Chew told the committee that TikTok took their concerns "very, very seriously," saying the company is working on a "firewall" to protect U.S. data and describing "safety, particularly for teenagers, as a top priority for us." He also downplayed the Chinese government’s control over the platform through TikTok’s Beijing-based parent company ByteDance.
"ByteDance is not owned or controlled by the Chinese government. It’s a private company," Chew said.
But Chew was evasive when questioned later about ByteDance’s China ties and youth-targeted algorithms, drawing frustration from several committee members.
"I’m not asking how you look at it. Fact, is [ByteDance] a Chinese company or not?" demanded Cardenas in one testy exchange, in which Chew declined to give a clear answer.
"I frequently have this discussion with others about what is a company that is now global," said Chew, to which Cardenas shot back: "I prefer you answer the question and stop dancing verbally."
Rep. Kat Cammack (R., Fla.) also pressed Chew about a post from a TikTok user that threatened violence at the committee hearing, which she said was posted on the platform 41 days ago, before the hearing was publicly announced.
"Me asf at the House Energy and Commerce Committee on 3/23/2023," said the post, which included an image of a gun firing.

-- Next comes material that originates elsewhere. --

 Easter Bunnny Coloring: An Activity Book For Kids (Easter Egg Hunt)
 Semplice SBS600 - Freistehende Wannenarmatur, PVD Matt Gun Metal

Cammack called this a "direct threat to the chairwoman of this committee, the people in this room, and yet it still remains on the platform."
"You expect us to believe that you are capable of maintaining the data security, privacy, and security of 150 million Americans, when you can’t even protect the people in this room?" she asked.
Many members expressed concerns that TikTok’s algorithms promoted video content that encouraged mental health issues, drug use, and body insecurities among teenagers, pregnant women, and vulnerable populations. Chew said he was unable to say what percentage of the platform’s content was "potentially harmful."
"There are those on this committee, including myself, who believe the Chinese Communist Party is engaged in psychological warfare through TikTok to deliberately influence U.S. children," said Carter.